- WORK INSTRUCTIONS -
Copy each line, word for word, from the one with "SZ40-15 Backhoe Loader thumbnail-1" through the final line of the listing, but skip the pictures.

.....

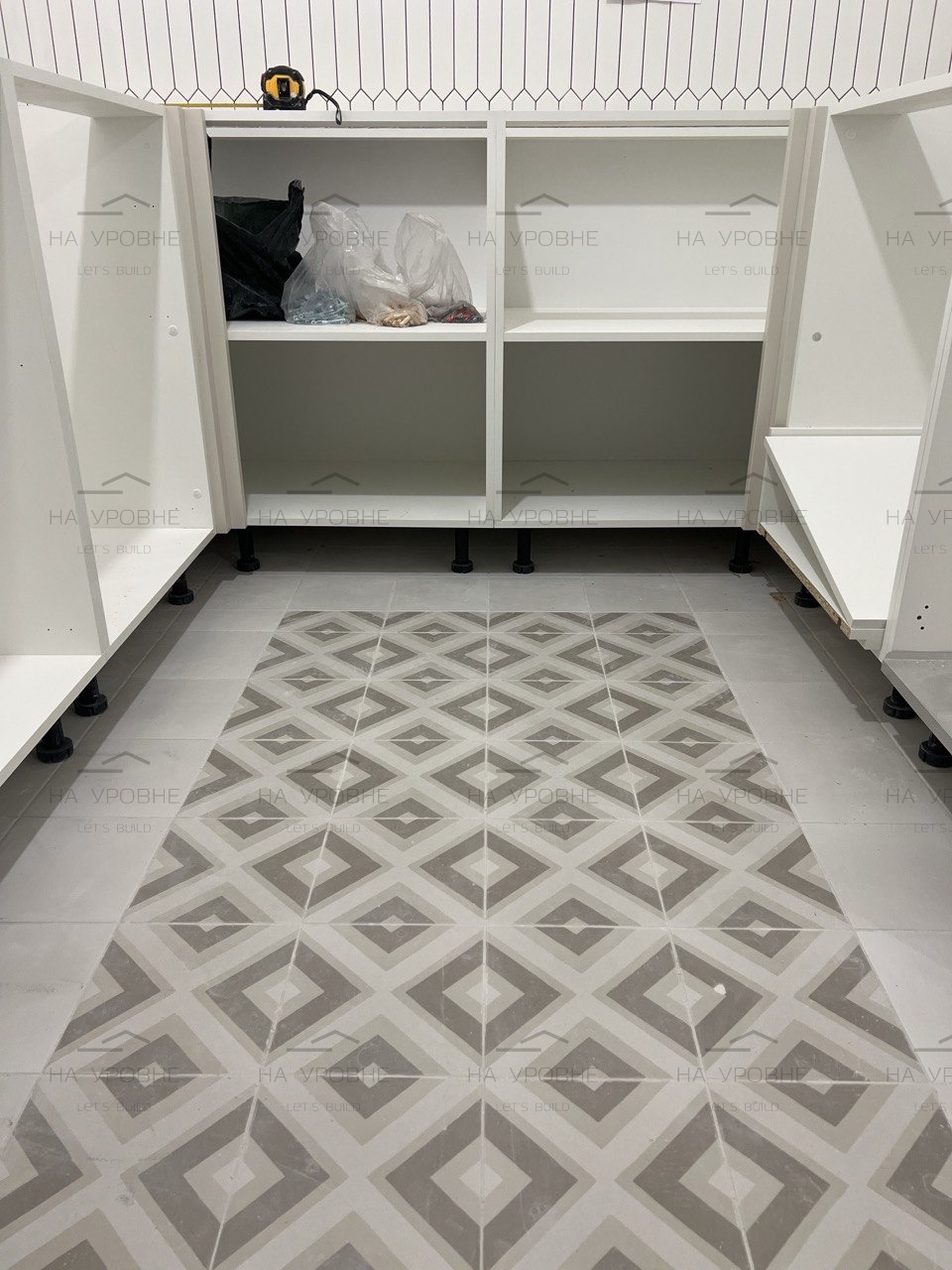 Плиточные работы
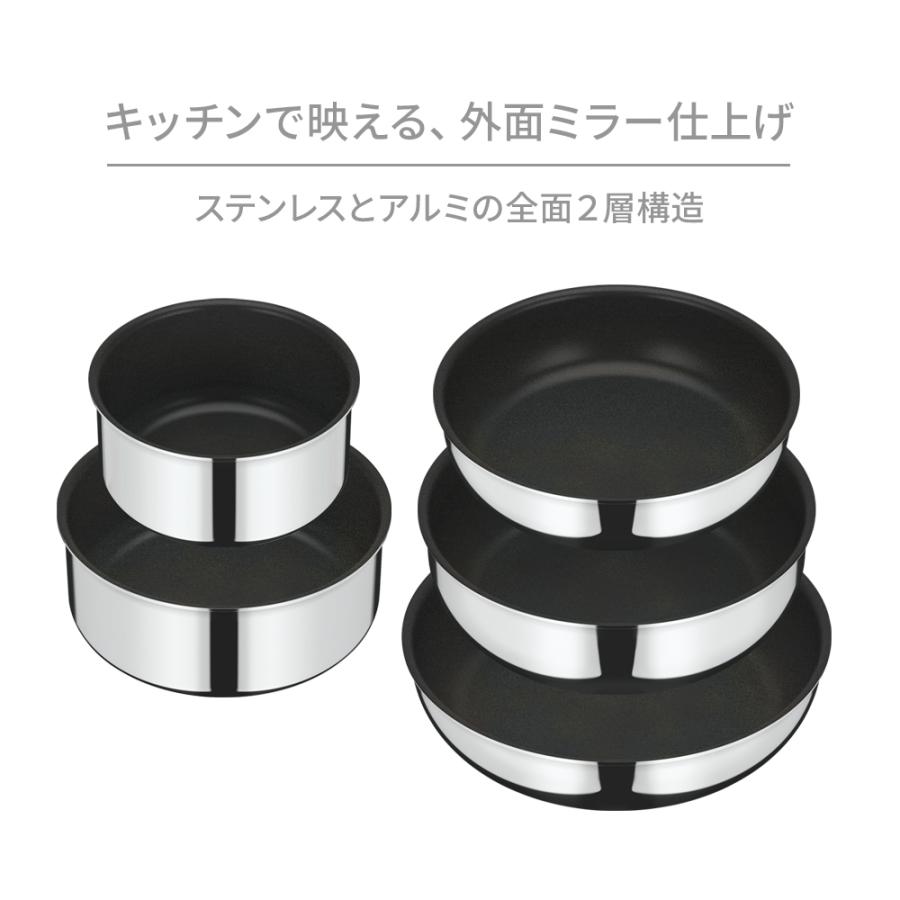 THERMOS（サーモス） IH対応 デュラブル 取っ手のとれる フライパン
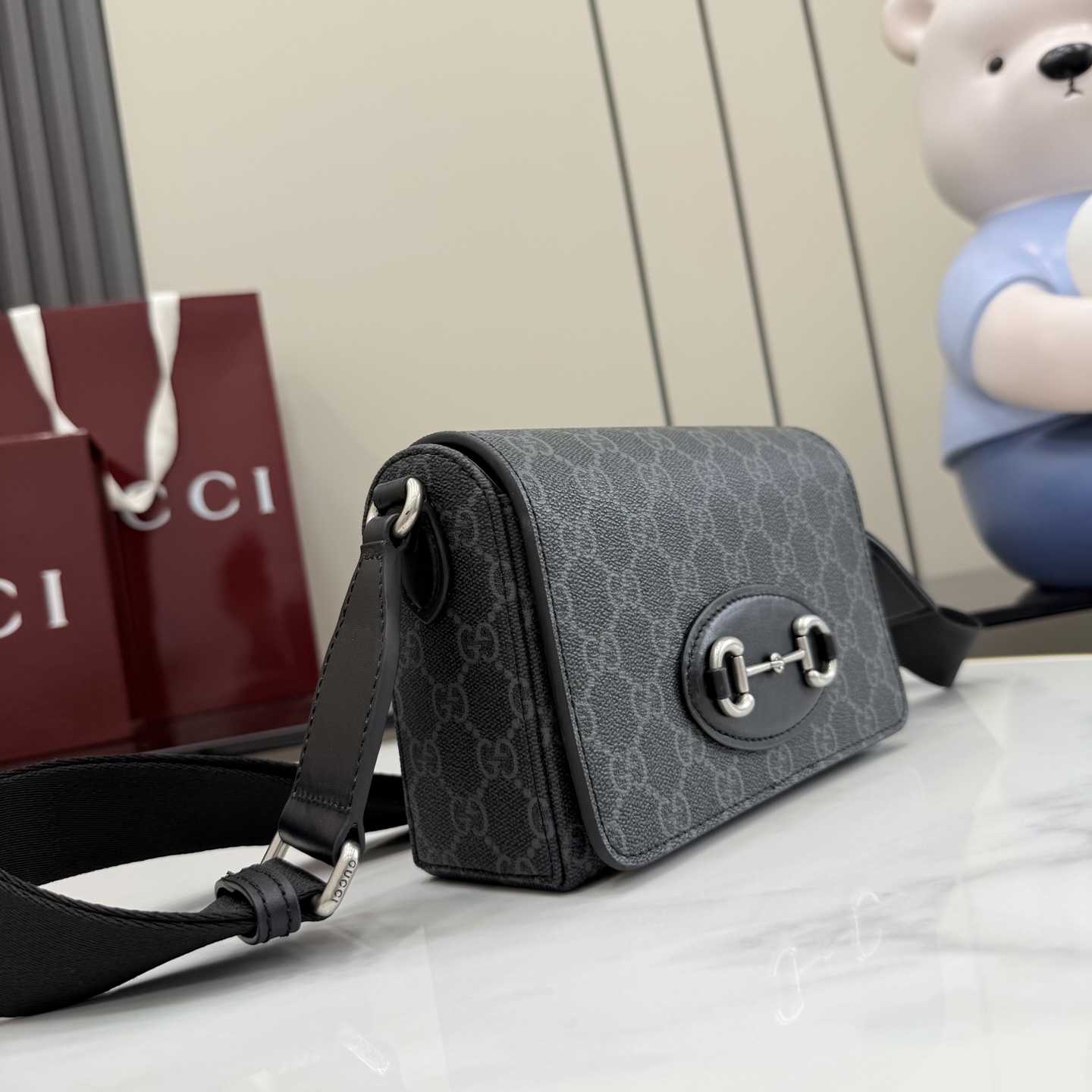 Gucci Horsebit 1955 Mini Bag - DesignerGu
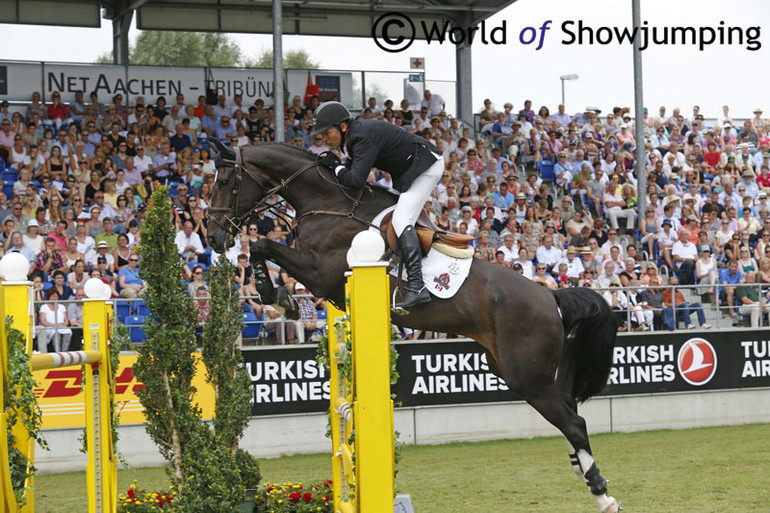 Eric Lamaze and Zigali P S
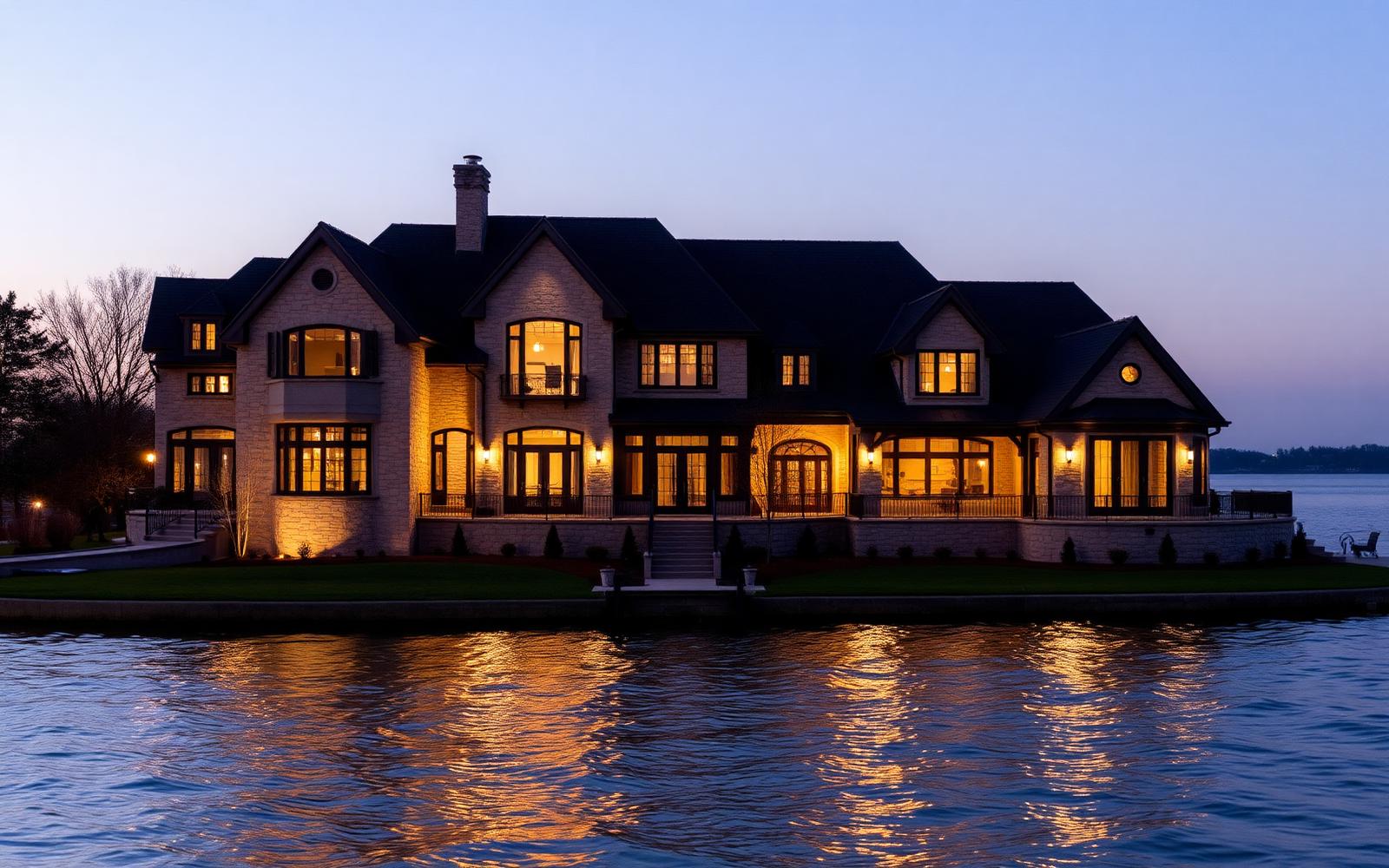 Homes we light in Grosse Ile, MI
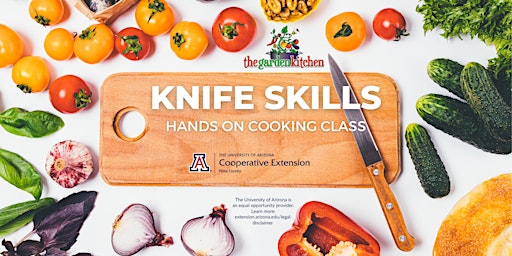 Knife Skills Hands-On Class primary image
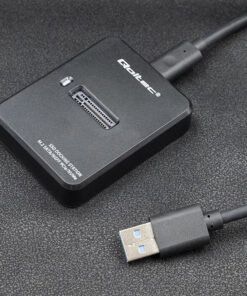 Alternative view of Qoltec Docking Station Σκληρών Δίσκων PCIe/SATA M.2(2230)" / M.2(2280)" με σύνδεση USB 3.1 (50313)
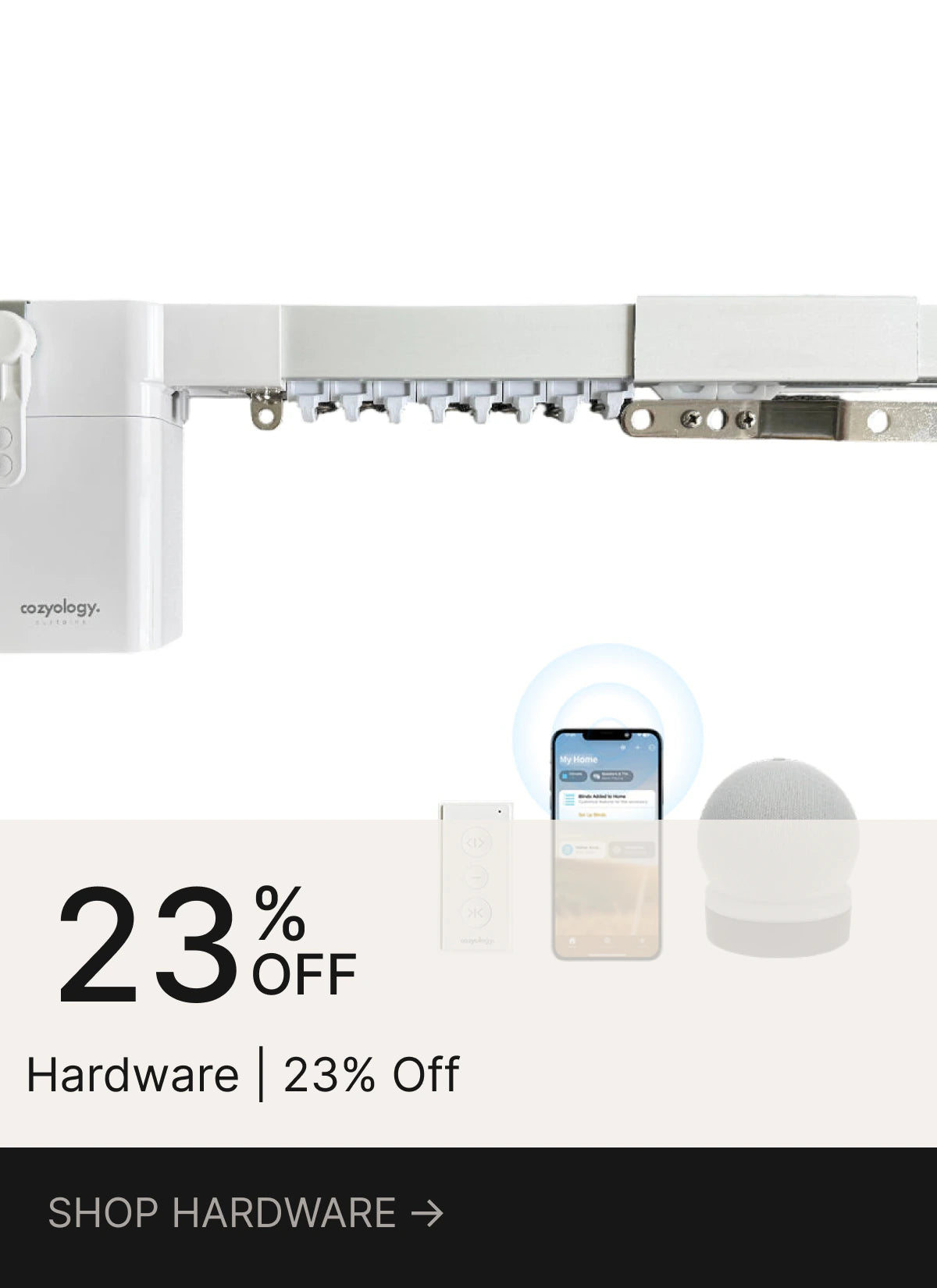 Hardware 23% off with code PRIME23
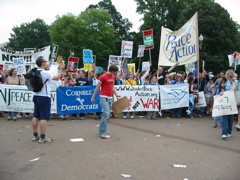 The March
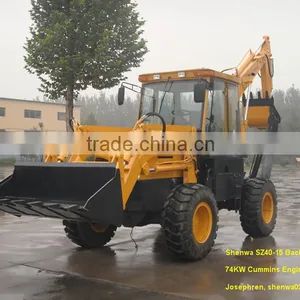 SZ40-15 Backhoe Loader thumbnail-1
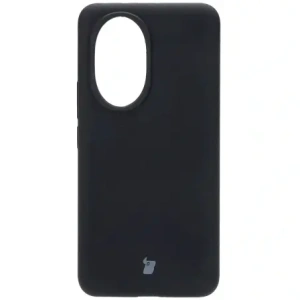 Silikonowe etui Bizon Soft Case do Honor 200 czarne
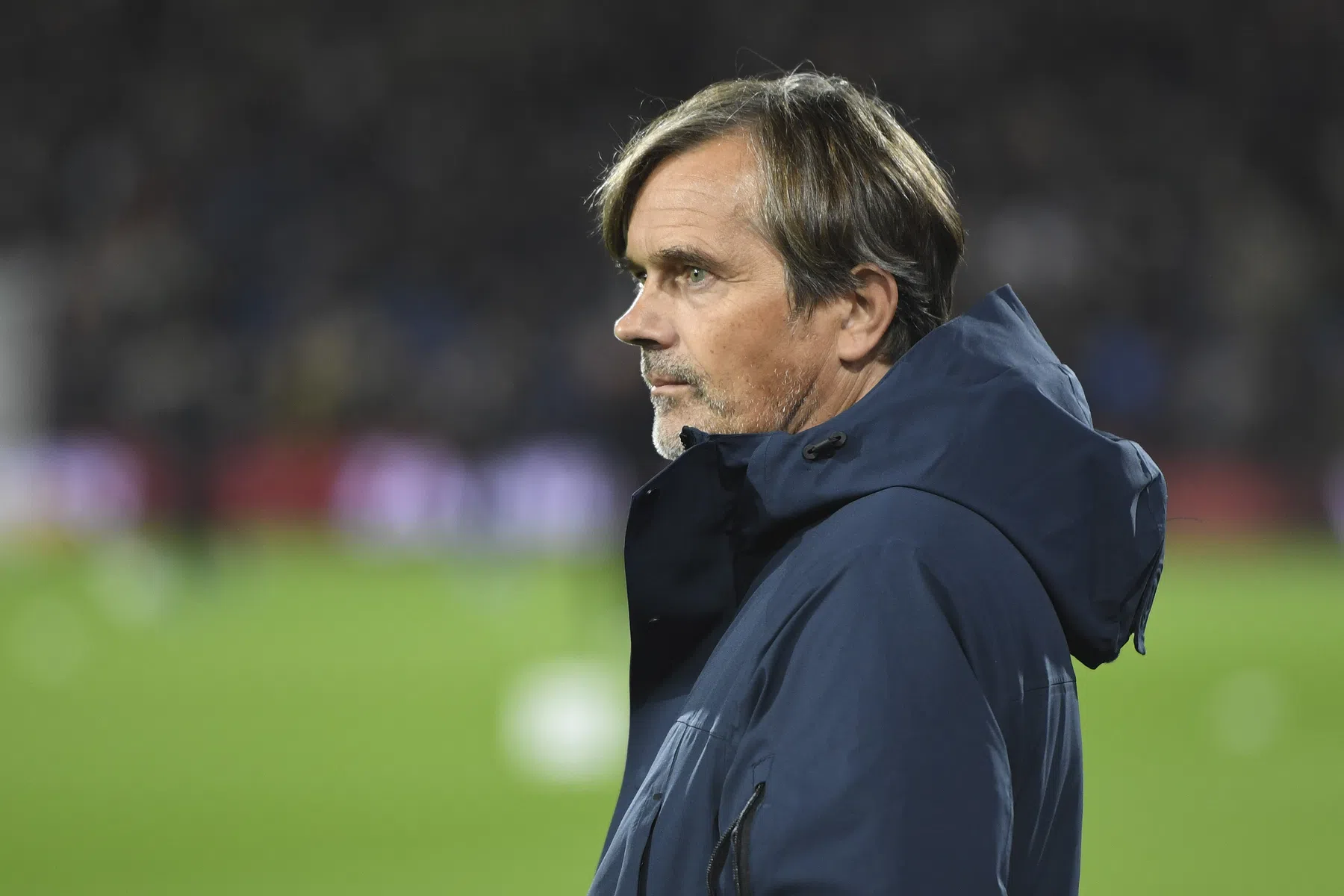 Cocu biedt de oplossing: hij kwam én gaat als kind van de club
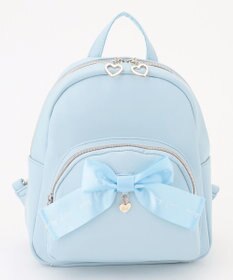 ANY KIDS リボン 合皮 リュックサック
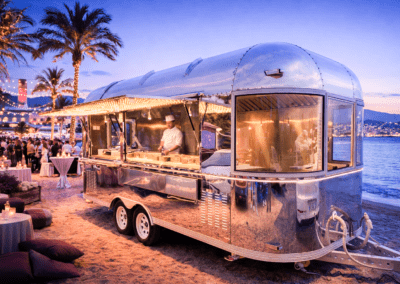 food truck var sur la plage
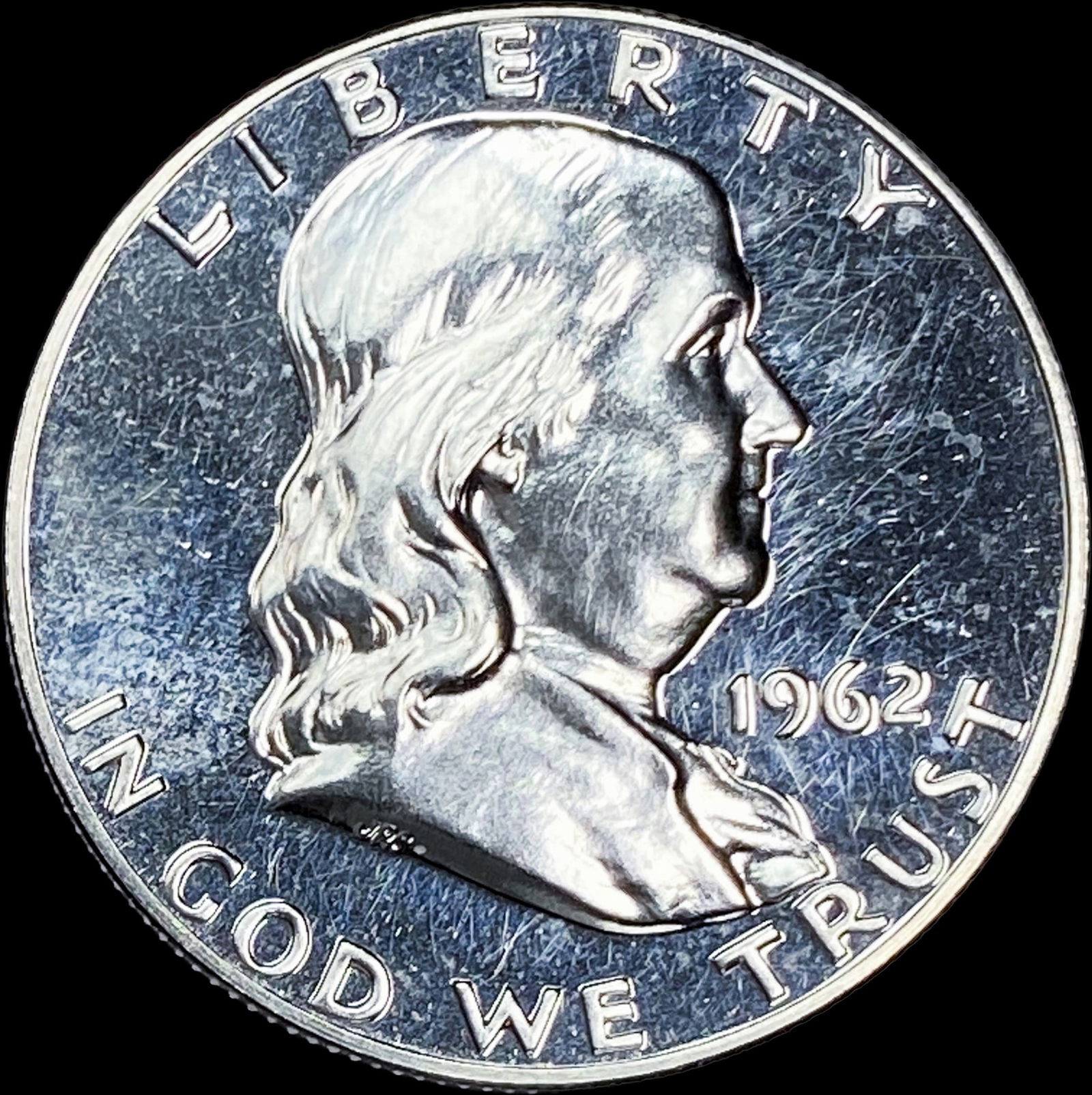 1962 Franklin Silver Half Dollar GEM PROOF (1 of 2)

.....

- ANSWER -
 SZ40-15 Backhoe Loader thumbnail-1
 Silikonowe etui Bizon Soft Case do Honor 200 czarne
 Cocu biedt de oplossing: hij kwam én gaat als kind van de club
 ANY KIDS リボン 合皮 リュックサック
 food truck var sur la plage
 1962 Franklin Silver Half Dollar GEM PROOF (1 of 2)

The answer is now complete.